Fikri has written 61 articles for us.

7 Comments

  1. I think LinkedIn might have finally stopped trying to get me to “Connect” with my dead Aunt (2+ years later).

    Ever since the first time it suggested I add her, I started sending my social media passwords to a friend who promised to delete everything a few months after, if I should go before her. Some of these services sound much easier than trying to have her keep track of which pw was the most recent and for what etc. Thanks!

  2. Sometimes I vaguely wonder what happens to accounts and things when people die – and what would happen to all my online stuff should I die.

    It’s good to have some concrete answers/possibilities in one place to peruse, and possibly act on – thanks!

  3. I cannot stress how important this article is! I am a legal assistant who does estate planning/trust and estate administration work. I created a document a year or so ago that lists all of my online accounts and logins and I sent it to two people so they could have it in case something happens to me. This article reminded me that I need to update my document and add to it! Also, EVERYONE should have a will and other estate planning documents in place. Super important, even if you are single and don’t feel like you need one.

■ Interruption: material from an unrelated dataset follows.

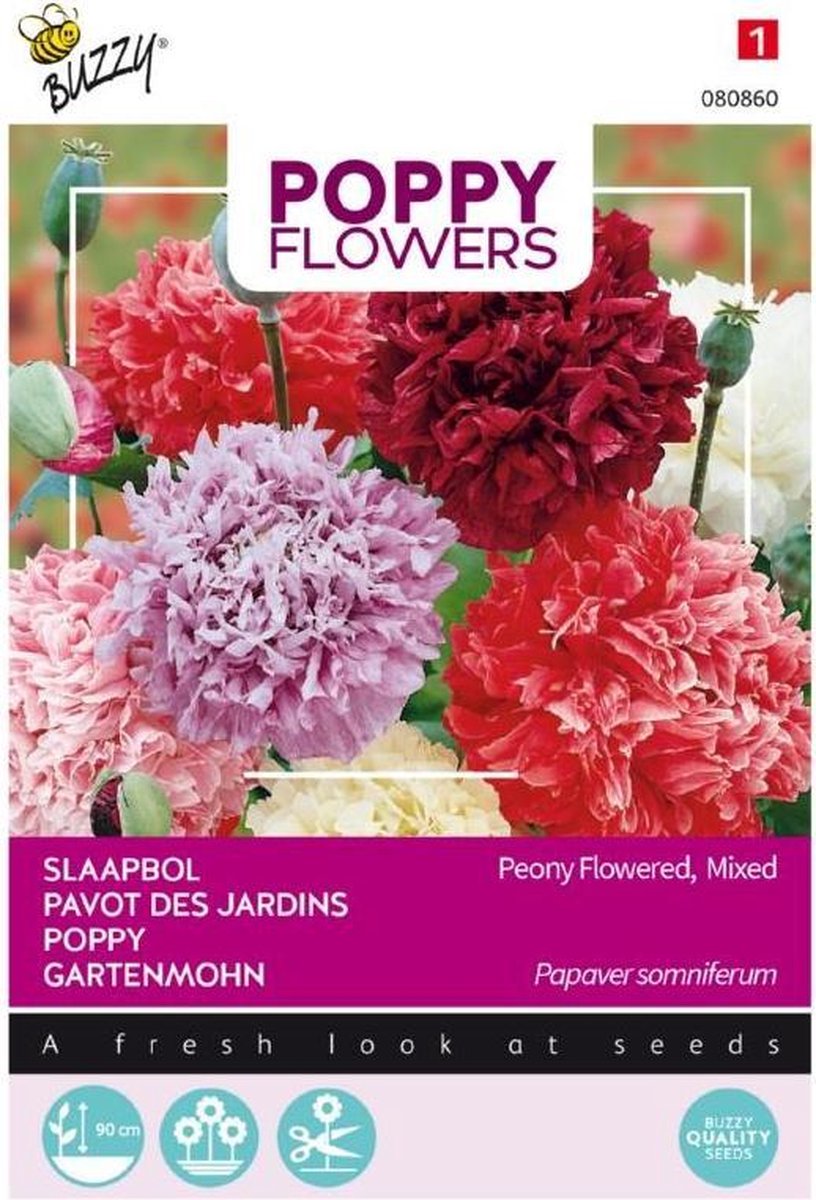  Buzzy® Poppies Of The World - Papaver Pioenbloemig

  4. bookmarking this for reference. what does a pseudo-hoarder do with non-tangible things??
    LIVESON is a little creepy. but if i die and an application wants to tweet like me i hope dead!me sounds like Texts from the Lorax (http://the-toast.net/2013/09/23/texts-lorax/):

    LEATHER IS REALLY SOFT
    I DIDN’T REALIZE HOW SOFT IT IS
    I’m sorry I made you touch leather
    SOMETIMES I GET SLEEPY SPEAKING FOR THINGS
    IT WAS JUST SO SOFT AND I WAS SO SLEEPY
    Do you want me to let you stay in the purse for the rest of the day
    YES PLEASE
    I WOULD LIKE THAT VERY MUCH

  5. i think about this stuff all the time and really wish i knew which specific date i will die on. though in a way i do know. it’s…NEVER!!!!!!!!!!!!!!!!!!!!!!!!!!!!